Abstract
Introduction
Obesity or overweight are two factors associated with insulin resistance (IR). There are limited studies with regard to the role of some non-traditional factors such as sleep quality in level of IR in obese individuals. The current study aimed at investigating the association of sleep quality with IR in overweight or obese people.
Material and Methods
In this cross-sectional study, 612 obese or overweight participants of the Qazvin metabolic disease study (QMDS) were evaluated. Sleep quality was measured using the Pittsburgh sleep quality index (PSQI) and compared between two groups of participants with and without IR.
Results
Our findings showed that the total score of sleep quality in the IR group was significantly lower than that in the non-insulin resistant group (8.78±2.78 vs. 8.13±2.70, p=0.008). After adjustment, each unit increase of the sleep latency and subjective sleep quality scores was associated with a 1.23 and 1.33 times increased risk of IR, respectively (p<0.05).
Conclusion
In the obese or overweight people, sleep quality is associated with IR.
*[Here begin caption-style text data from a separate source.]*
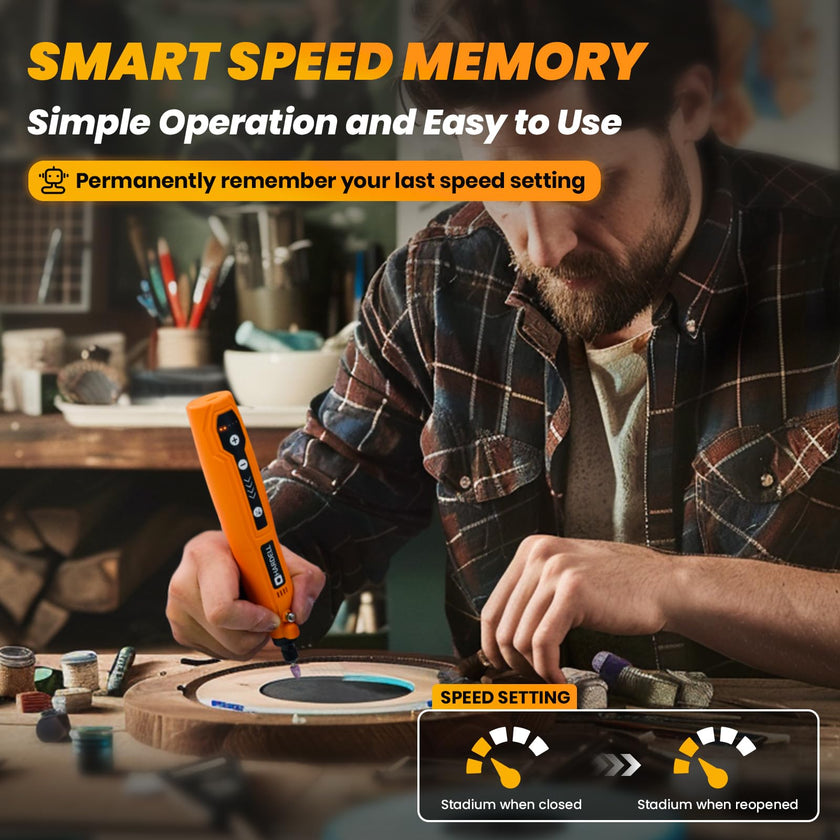 HARDELL Mini Cordless Rotary Tool, 5-Speed and USB Charging Rotary Tool Kit, Multi-Purpose 3.7V Power Rotary Tool with 61 Accessories for Sanding, Polishing, Drilling, Etching, Engraving, DIY Crafts 🍁 All In One Marketplace Canada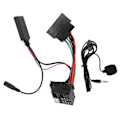 Miniatyrbillede 3 af 5: Bilstereo 40-polet ledningsnet adapter med Bluetooth mikrofon AUX til Citroen C2 C3 C4 C6 db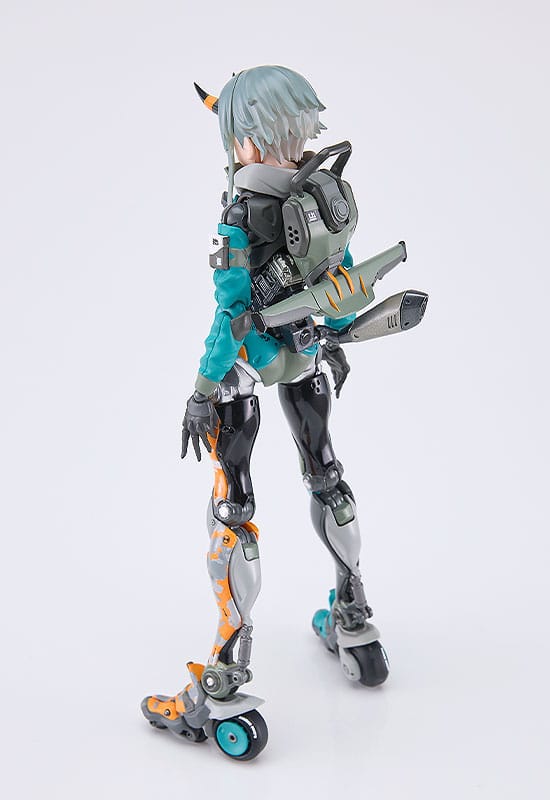 PREORDINE ESAURITO Shojo-Hatsudoki Diecast / PVC Action Figure Motored Cyborg Runner SSX_155 Downtown Trek 17 cm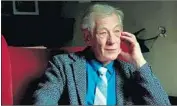  ?? Trafalgar Releasing / Shakespear­e Birthplace Trust ?? IAN McKELLEN ref lects on his life, acting and his longtime LGBTQ activism in a new documentar­y.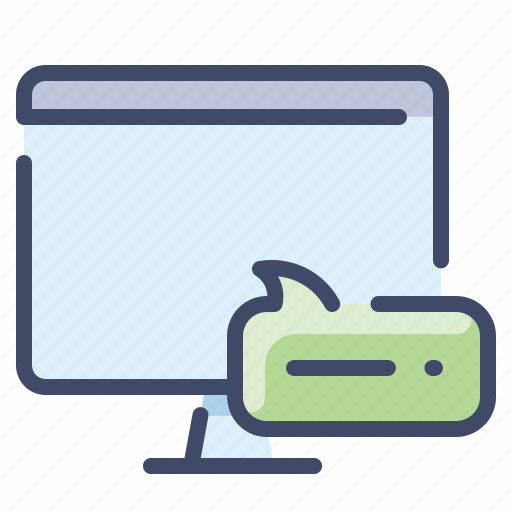 Chat, computer, online, work icon - Download on Iconfinder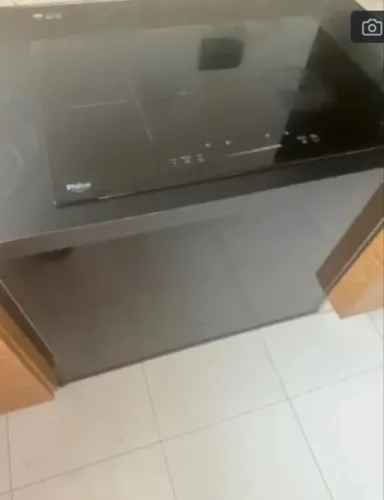 Fogão completo indução vidro preto Philco novo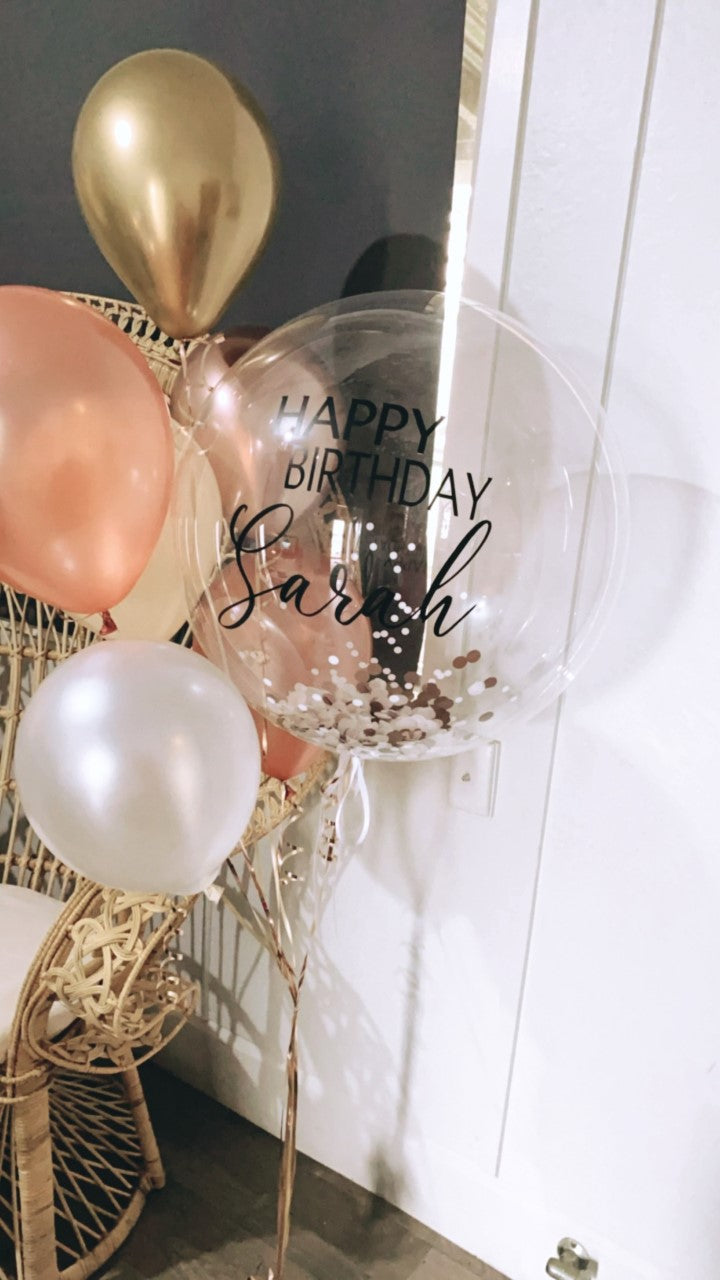 Large Bubble Balloon Bouquet – Chaos and Petals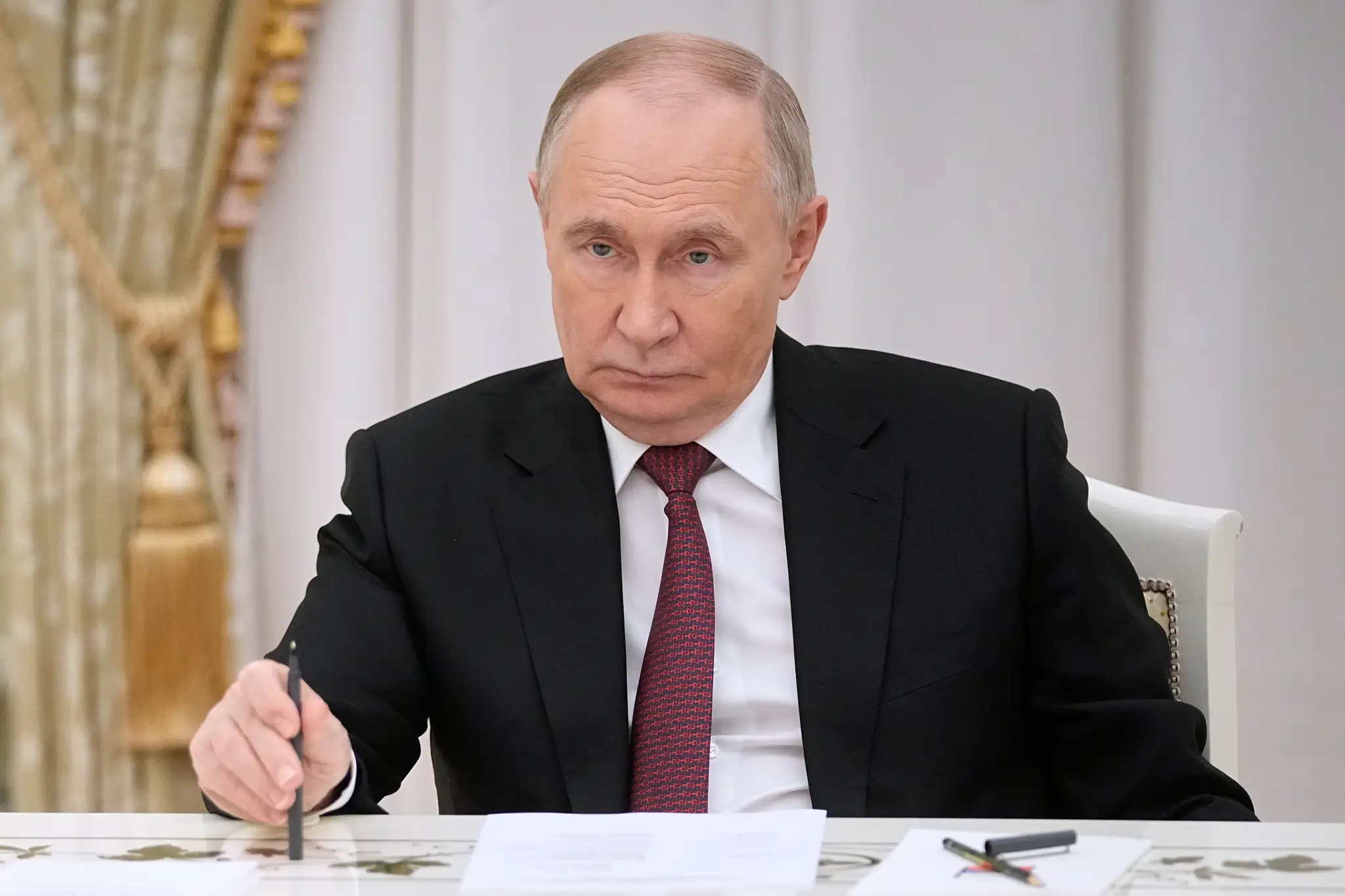 Vladimir Putin v Kremli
Keywords: Insulin Resistance, Sleep Quality, Obesity, Overweight
INTRODUCTION
In recent decades, the relationship between sleep disorders and insulin resistance (IR) has been considered as a remarkable research topic. Many studies have reported the association of sleep quality and sleep pattern with increased risk of obesity, hypertension, cardiovascular diseases1 and insulin resistance2. Short-term sleep restriction (even one to three nights) can lead to insulin resistance in healthy people through several metabolic pathways3,4. Sleep restriction in healthy people leads to a decrease (approximately 30%) in cellular insulin signaling and IR in fat cells5. On the other hand, long sleep duration (>7h) can cause obesity and IR6. For many years, the word “obesity” has been connected with IR. However, IR and the metabolic syndrome are not common in all obese or overweight people. The contributing factors for such difference in individuals with obesity are not completely figured out, and the results of studies investigating the role of some potential factors such as poor sleep quality and sleep duration are inconsistent7,8,9. In some of these studies, there was no relationship between total score of sleep quality and sleep duration with metabolic syndrome in obese people7,8. Nevertheless, there are reports indicating the association between shorter duration of sleep and the metabolic syndrome in obese women, as compared to their healthy obese counterparts9. In addition, the relationship between metabolic syndrome (except IR) and sleep quality in obese subjects have been investigated in previous studies.
Due to the contradiction of the reported results and limited data concerning the role of sleep quality in IR in obese individuals, this study was designed to evaluate the relationship between sleep quality and quantity with IR in overweight and obese people.
MATERIAL AND METHODS
This cross-sectional study was carried out on obese or overweight residents of Minoodar, Qazvin, Iran, participating in Qazvin metabolic disease study (QMDS). The study was approved by the Ethics Committee of the Qazvin University of Medical Sciences. Sampling was performed using the multistage cluster random sampling technique. Inclusion criteria were the age of 20 or above and BMI of 25 or above. Subjects with end-stage liver or kidney disease, non-cured cancer, and pregnant women were excluded from the study. The participants were invited via phone and the details and aims of the study were explained to them. The individuals were free to participate in the study and all of them signed an informed consent form. A questionnaire on clinical examination and medical history of the participants was filled out by two general practitioners. The details of sampling and data collection have already been published elsewhere10.
IR was calculated using the formula: HOMA-IR=fasting blood sugar (mmol/lit) ×insulin (micro unit/ lit)/22.511.
The 75th percentile of HOMA-IR in subjects without metabolic syndrome of our study population was use as the cutoff for defining of insulin resistance. This value was 3.42. So, cut-off of 3.4 was used for definition of insulin resistance in our overweight/obese population study12.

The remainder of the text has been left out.